Catcher Pat Borders was Seattle's only free agent who was
"We offered him arbitration because the club has a special
relationship with this guy," Bavasi said.
The Mariners did not offer arbitration to their other free
agents: reliever Armando Benitez, outfielder John Mabry, infielder
Mark McLemore and shortstop Rey Sanchez.
Cameron, who turns 31 next month, joined Seattle in the February
2000 trade that sent Ken Griffey Jr. to Cincinnati. He won his
second Gold Glove last season, committing only four errors in 492
chances for a .992 fielding percentage.
"I don't feel great about it," Bavasi said. "This guy filled
some pretty big shoes. From the outside looking in, he made people
forget Junior pretty quick with the year he had. It's not without
an appreciation we did this."
Cameron hit .256 in four seasons with the Mariners, with the
highlight coming May 2, 2002, when he hit four homers against the
Chicago White Sox.
He also set a franchise single-season record with 176 strikeouts
in 2002. Cameron hit .253 last season with 18 home runs and 76
RBIss, and Bavasi made it clear the Mariners want more offense.
"We want more offense by spreading the dollars around better
than we could if we signed Michael," Bavasi said. "He understands
that.
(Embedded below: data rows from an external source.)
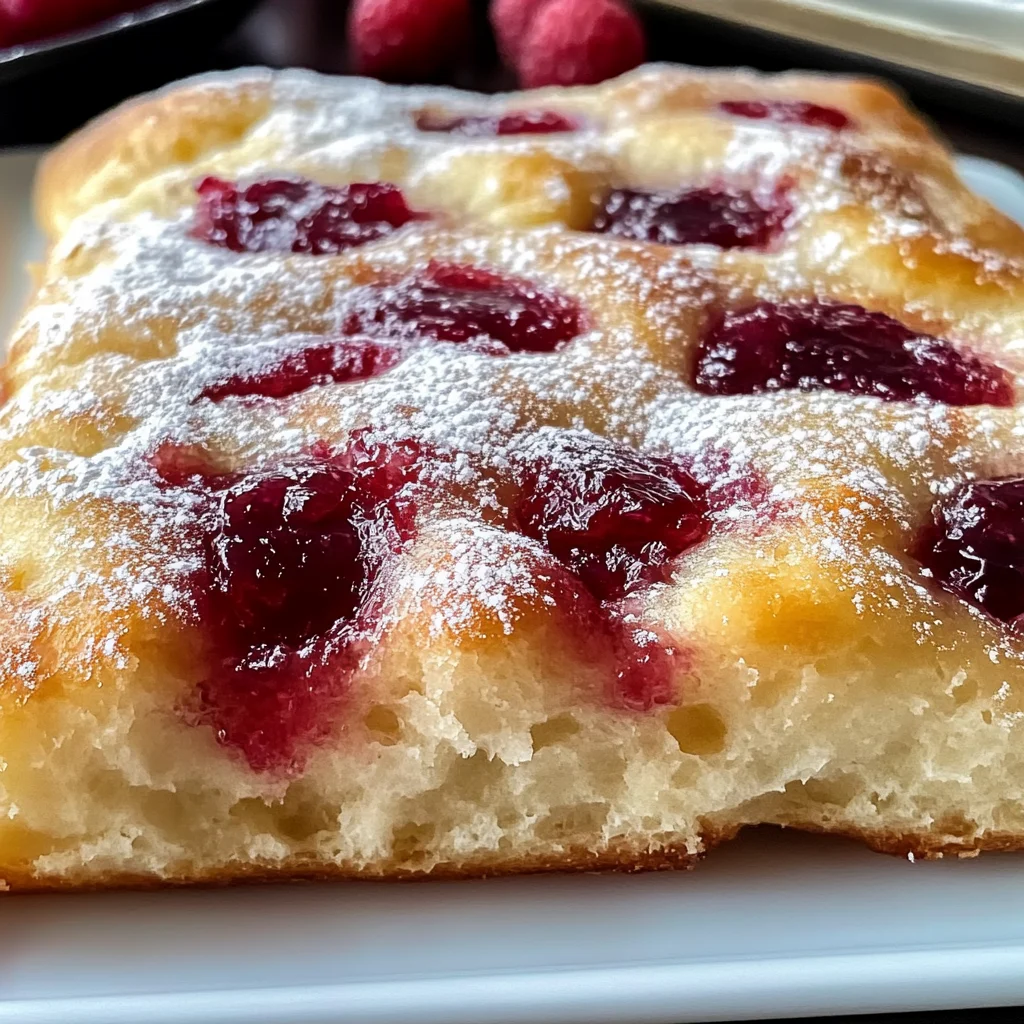 Homemade Jam Donut Focaccia: Sweet Bliss for Brunch Lovers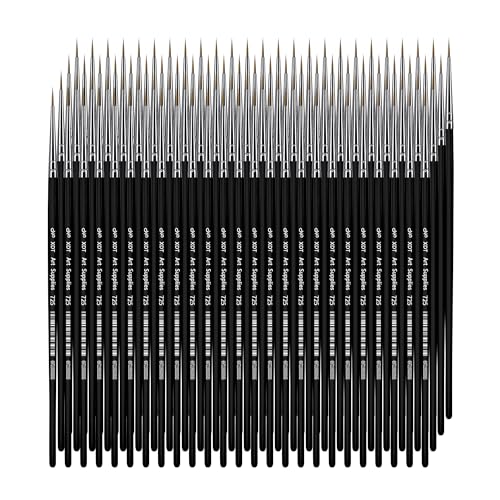 XDT#725 Fine Detail Artist Paint Brush 100 Piece Set Round Pointed Tip Paint Brush #00000 for Micro Painting, Nail Model Acrylic Oil Watercolor - size: 100Pcs #00000
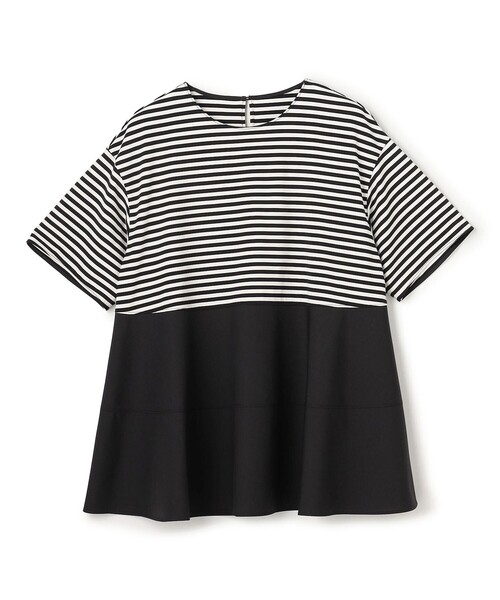 tシャツ 「VERY掲載」BEAUTY FORM-T コンビティアード Ｔシャツ レディースの画像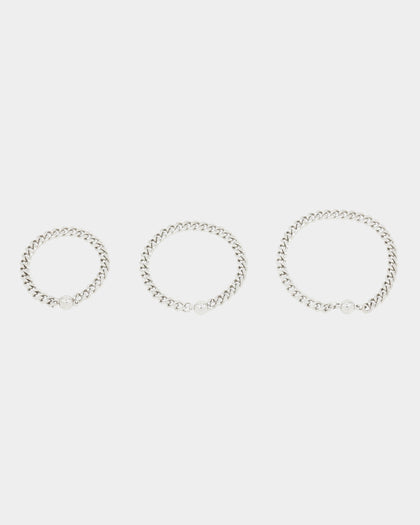 Shortie Kids' Classic Cuban 6mm Bracelet Silver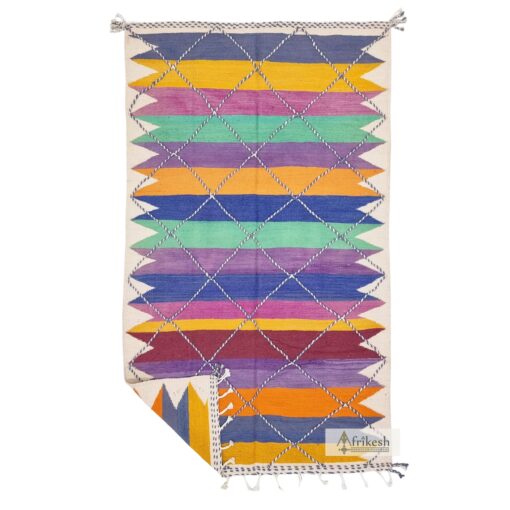 ZILOUA – Custom Flatweave Geometric Rug – Multicolor Kilim Rug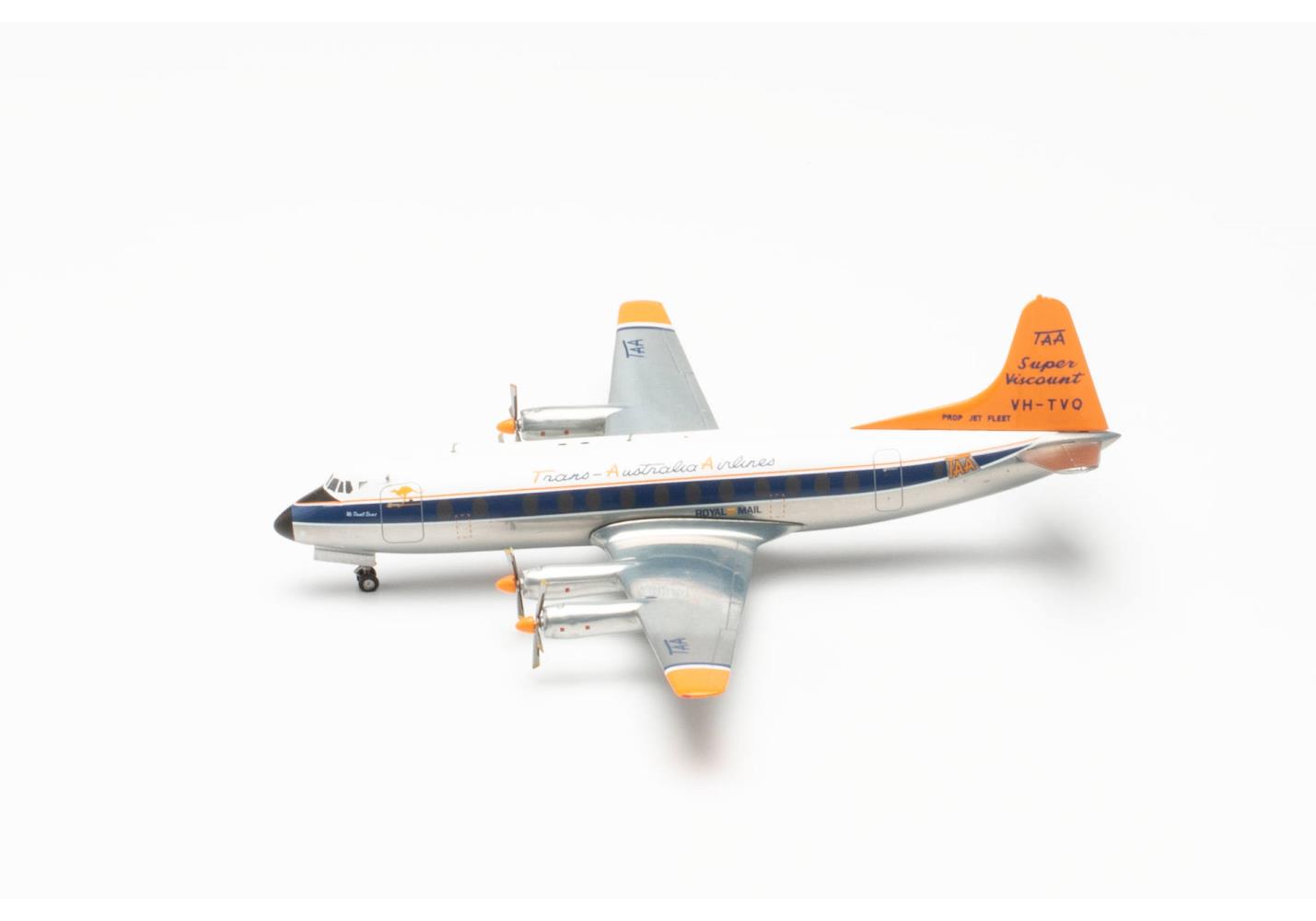 Herpa 572859 TAA Trans Australian Airlines Vickers Viscount 800 1:200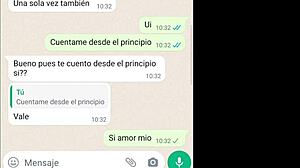 Feeling Jealous As My Latina Girlfriend Sucks Another Cock On Web Chat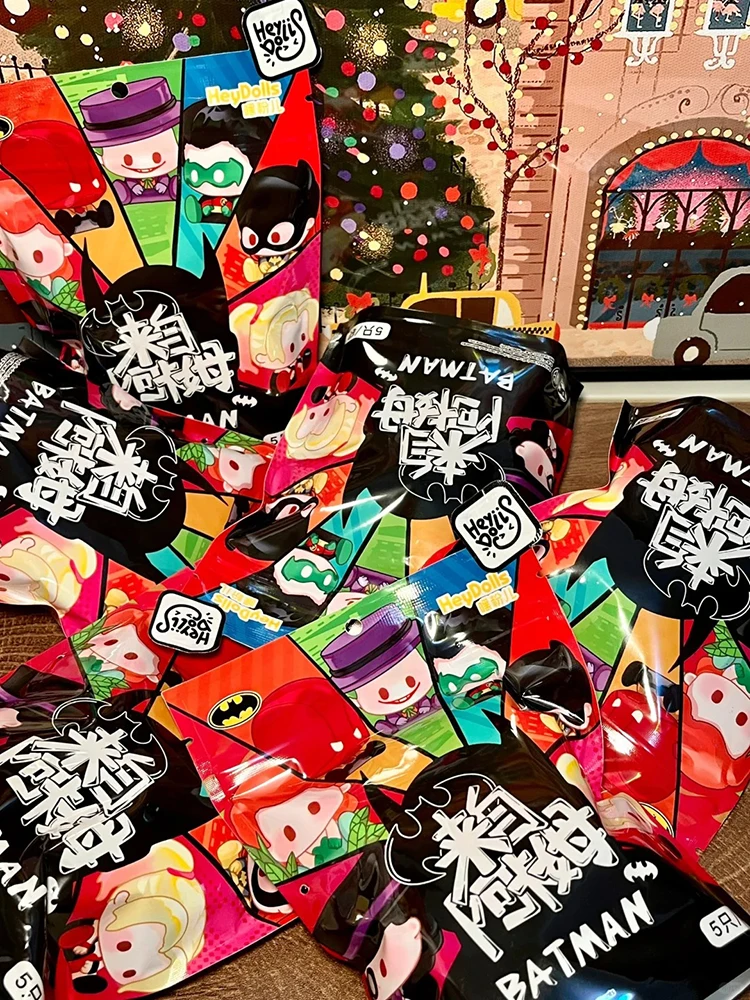 Suplay Batman Arkham حقيبة أعمى صغيرة صندوق غامض مجموعة شخصيات قابلة للجمع ديكور سيارة لطيف هدية للأولاد أطفال حفلة عيد ميلاد مفاجأة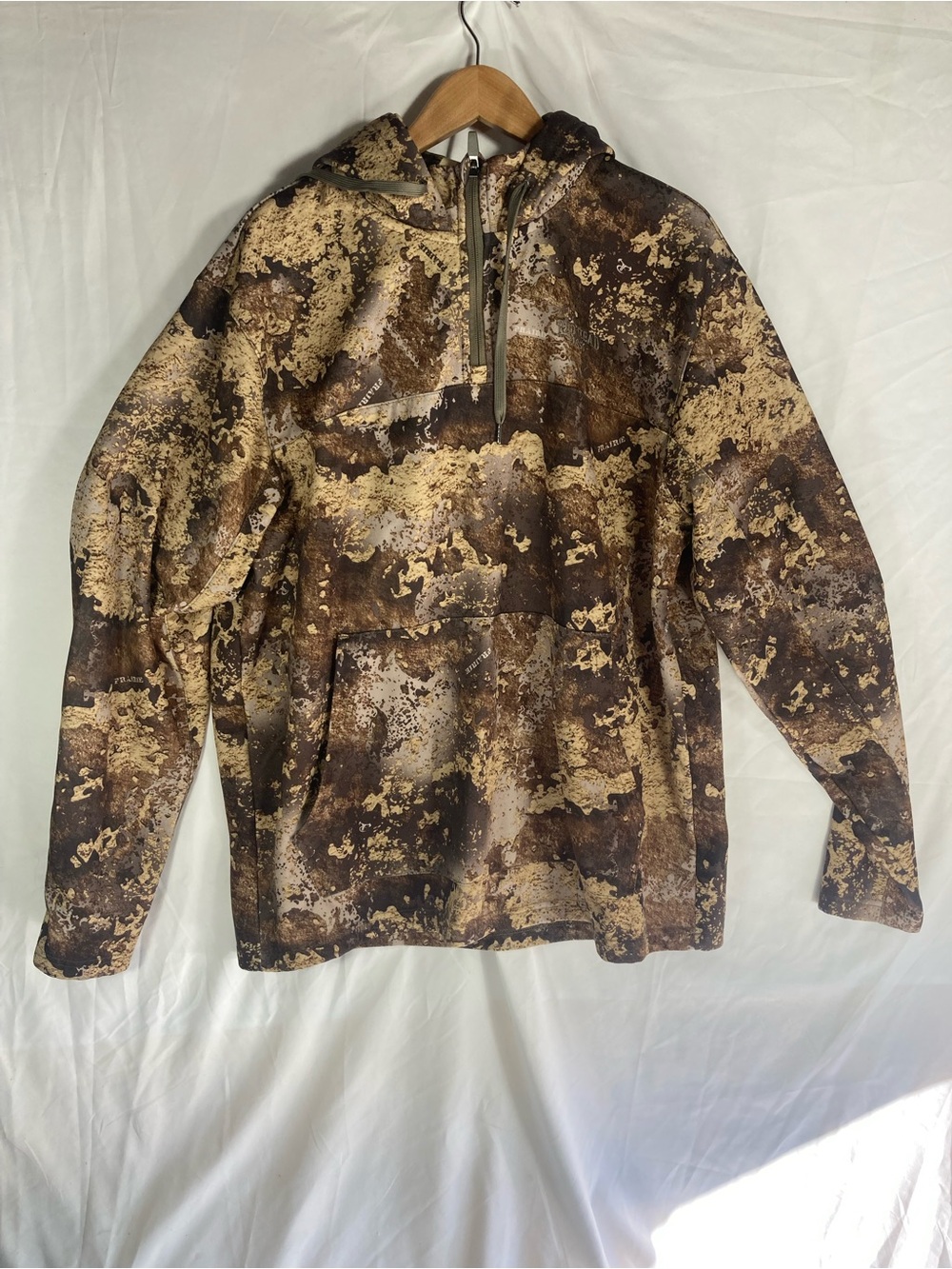 RedHead Men's camo Hoodie in Brown and Tan size large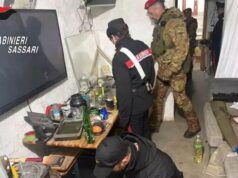 Oschiri, arresto per detenzione di armi da guerra, esplosivi e stupefacenti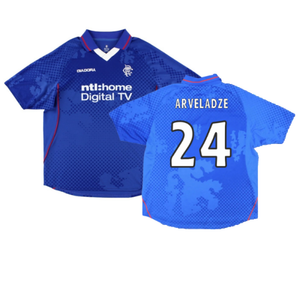 Rangers 2002-2003 Home Shirt (S) (Excellent) (Arveladze 24)_0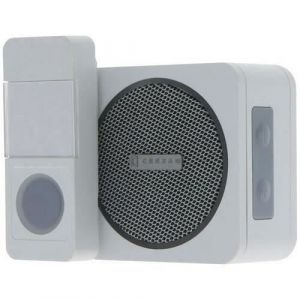 PROFILE CEEZAM Carillon sans fil avec flash set 18 mélodies 90DB - 150 m - Blanc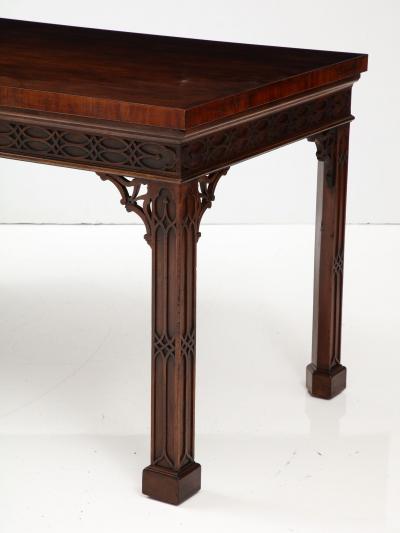 George III Chinese Chippendale Console Table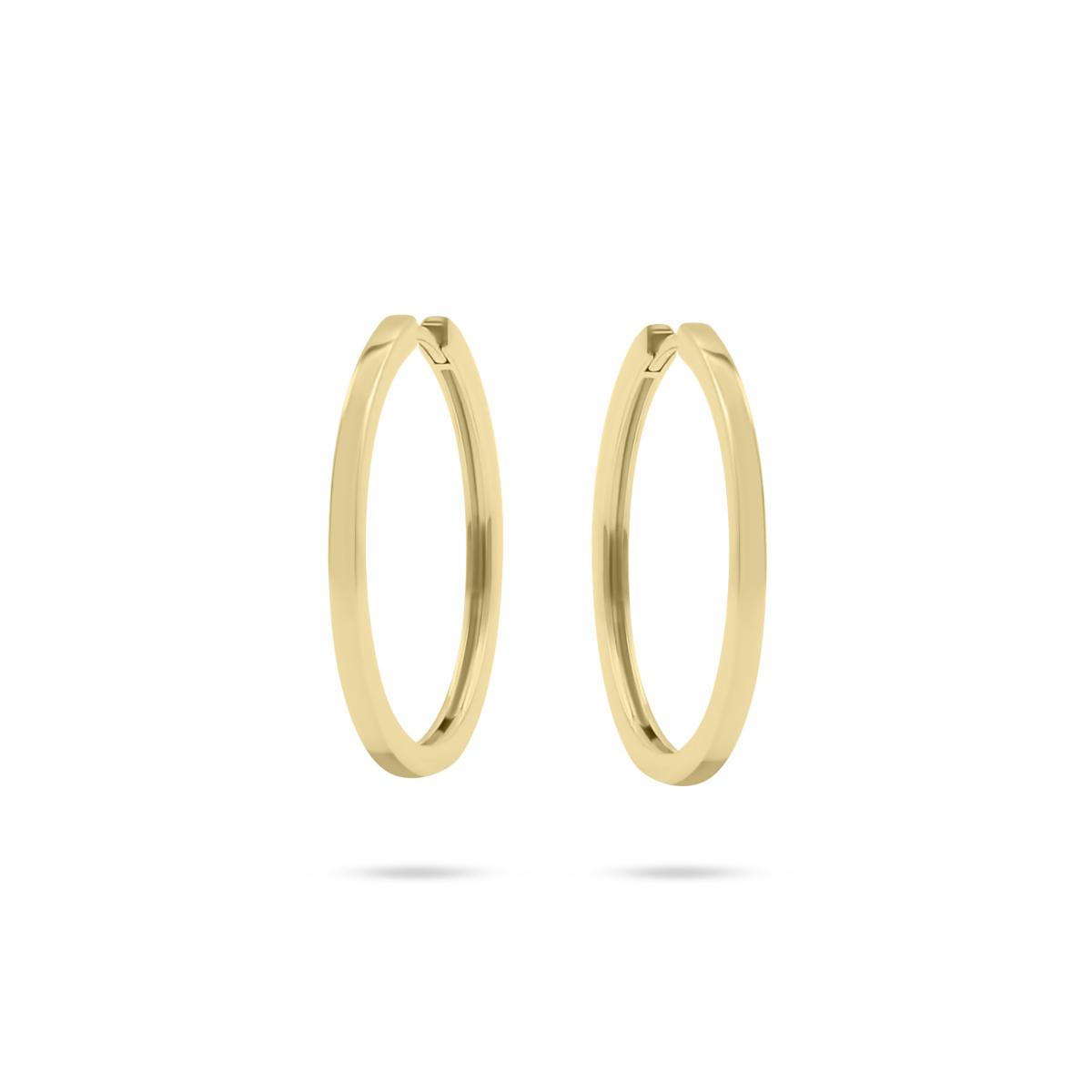 Huiscollectie - Zilveren klapcreolen, verguld, 30x2mm - KCG2/30Y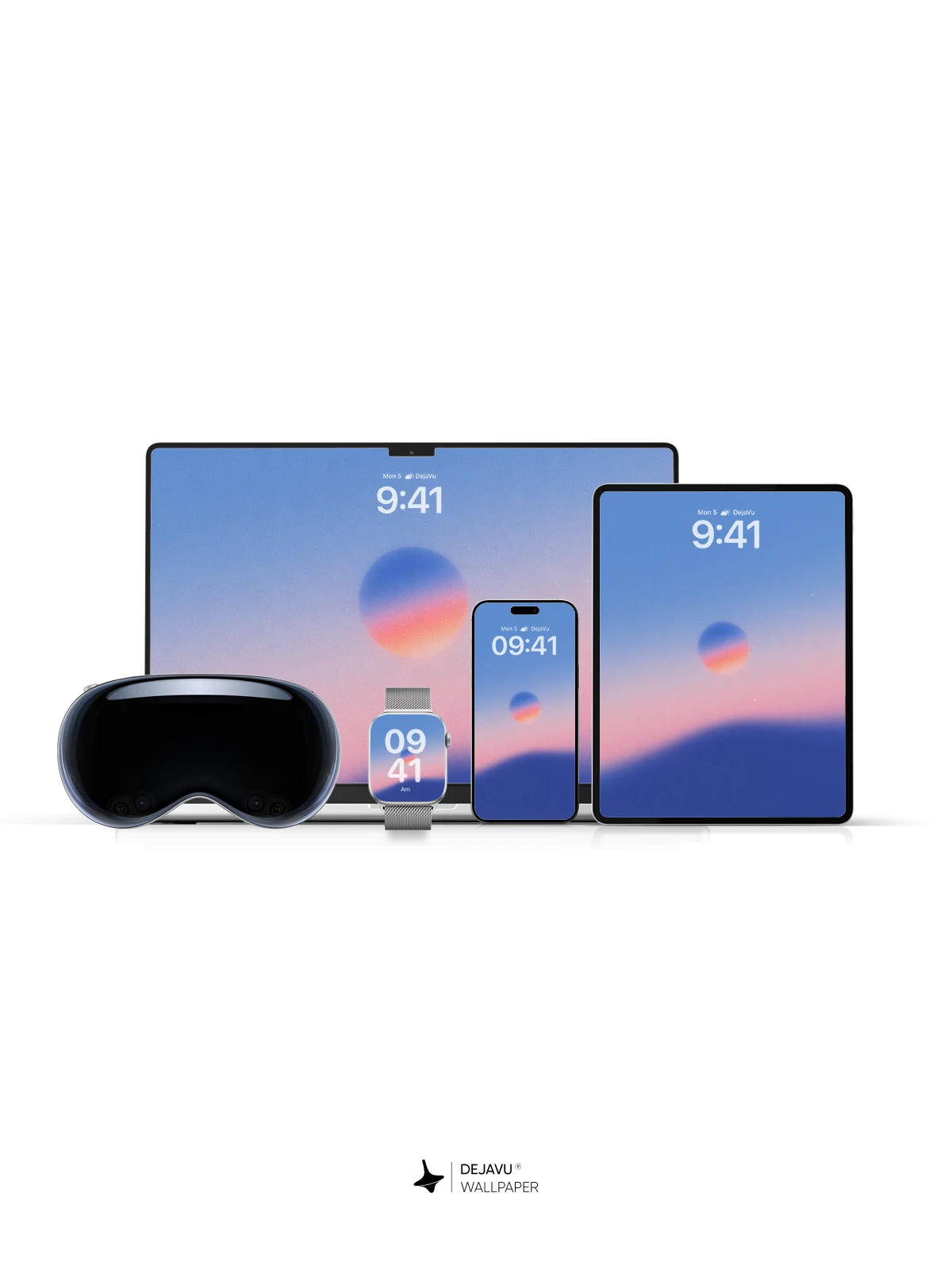 Sunset Gradient Blur Wallpaper 4K for iPhone Lock Screen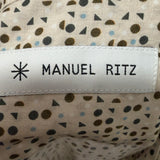 Camicia Manuel Ritz Uomo Pattern Geometrico - Beige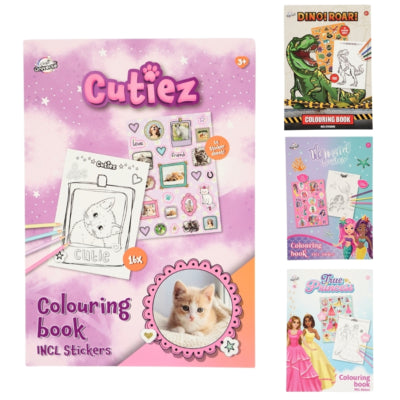 Livre de coloriage Craft Universe a5 avec autocollants 4 assortis | 24 pièces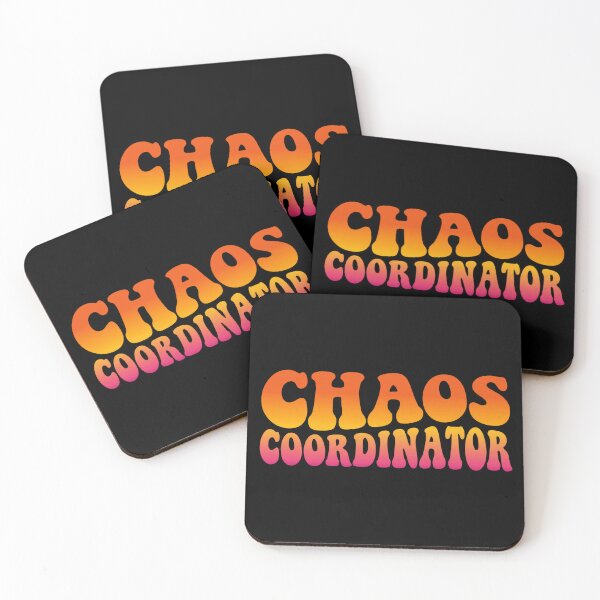 Item preview, Chaos Coordinator Retro Groovy 70s Typography Art designed and sold by pattman.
He's just a little out of reach for us if we want to build up
a better offense."
Rhodes, 34, has been with the Mariners four seasons, going 26-15
with a 3.07 ERA and eight saves. He was the team's only left-handed
reliever last season, posting a 3.82 ERA before the All-Star break
and a 4.96 after.
"We're not in the position to offer arbitration to those guys
and we just have to live with that," Bavasi said.
The Mariners made it clear they're glad to have Hasegawa back.
He converted 16 of 17 save opportunities after taking over the
closer's role June 21 when Kazuhiro Sasaki got hurt. Hasegawa also
made his first All-Star appearance last season.
Manager Bob Melvin said Sasaki will close again next season, and
Hasegawa's versatility will be used wherever it's needed.
"Whatever role he's in, he's proved to be the most versatile
reliever in the American League," Melvin said.
Hasegawa's 1.48 ERA was a franchise season record for a
reliever. Hasegawa's ERA was below 1.00 until Sept. 5, when he
allowed an earned run at Baltimore that boosted his ERA from 0.98
Last season was the first time Hasegawa worked primarily as a
closer in the majors. After six seasons in the Japanese leagues, he
spent five seasons with the Anaheim Angels, then flourished after
joining the Mariners in 2002.
Bavasi said Hasegawa indicated he wanted to return to Seattle,
but the reliever seriously considered other offers.
"He was prepared to take off, more than people think," Bavasi
said. "I got to know him a little bit. He's an adventurer. I think
he was prepared to go back East. I don't think he wanted to."
Opponents scored only 11 times in Hasegawa's 63 appearances last
summer, and he stranded 21 of 26 inherited runners. He had a
12-game scoreless streak in 13 innings from April 23 to May 29.
The 35-year-old right-hander gets a $500,000 signing bonus and
salaries of $2.5 million next season and $2,975,000 in 2005.
Seattle has a $3.1 million option for 2006 that could become
guaranteed under certain conditions. There is a $325,000 buyout.